APL 681 O Rei Vamba
O império visigótico debatia-se em grave crise. Morto o rei, Deus revelou ao pontífice que o novo monarca seria um homem bom, de ascendência real, consciência recta, virtuoso e sem vaidades nem ambições, que vivia distante e ignorado, entregue ao cultivo das suas terras.
Era preciso procurá-lo, e para se ter a certeza de ser o próprio, ele deveria espetar urna vara no chão. Se a vara florisse estaria descoberto O rei dos visigodos.
Partiram emissários à procura do homem bom, descendente de reis, consciência sã, virtuoso e sem vaidades. Interrogados muitos, alguns inculcaram-se como tais, mas ao espetarem a vara no chão ela não floriu!

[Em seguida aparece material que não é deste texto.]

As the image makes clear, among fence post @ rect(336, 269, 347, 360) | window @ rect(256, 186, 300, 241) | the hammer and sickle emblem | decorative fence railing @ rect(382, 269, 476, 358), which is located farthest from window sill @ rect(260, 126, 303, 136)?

Chegados aos campos da Egitânia, ali onde Monsanto, mole gigantesca de granito a elevar-se até às nuvens, impõe respeito e leva a meditar no poder incomensurável do Rei da Criação, encontraram à beira do caminho um lavrador que, pachorrentamente mão direita na rabiça do arado e a esquerda a segurar a vara com que tocava os animais, lavrava a terra. Estacaram ao vê-lo e deram-lhe os bons dias!

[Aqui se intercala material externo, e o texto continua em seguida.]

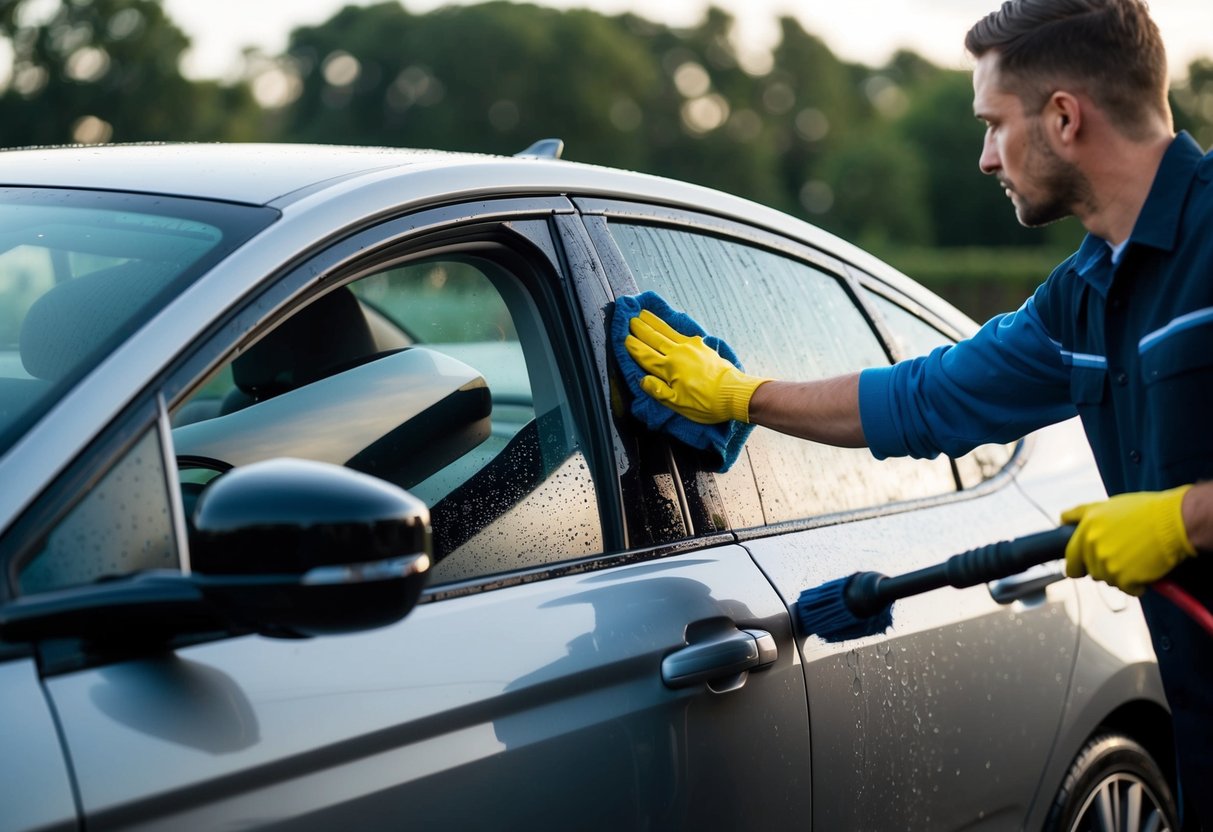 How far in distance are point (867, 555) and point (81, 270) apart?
1.34 meters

O homem, rosto tisnado pelos ardores do sol, denotava no seu aspecto simples com ares de distinção, traços e modos de pessoa de boa estirpe.
— Estaria ali o descendente de reis, virtuoso, sem vaidades nem ambições e consciência recta?
— Como se chama — perguntaram-lhe.
— Vamba.
— A sua ascendência?
— Que lhes importa?
— Porque se consome nesta luta inglória, a lavrar o campo? Suplicio que se impôs a si próprio por delito grave ou peso de consciência?
— Não. Adoro a terra que tudo nos dá. Velho hábito, levanto-me com o sol. Louvo a Deus e peço-lhe que, por sua imensa bondade e misericórdia, continue a dar-me o pão para a boca. Trabalho o dia todo e deito-me a agradecer ao Senhor o conservar-me a vida e a saúde, e a pedir-lhe a continuação da sua demência para as minhas faltas.
Os emissários entreolharam-se.
— Espete no chão essa vara com que toca os bois.
Vamba, respeitoso, enterrou a vara no chão e, com grande espanto de todos, ela floriu!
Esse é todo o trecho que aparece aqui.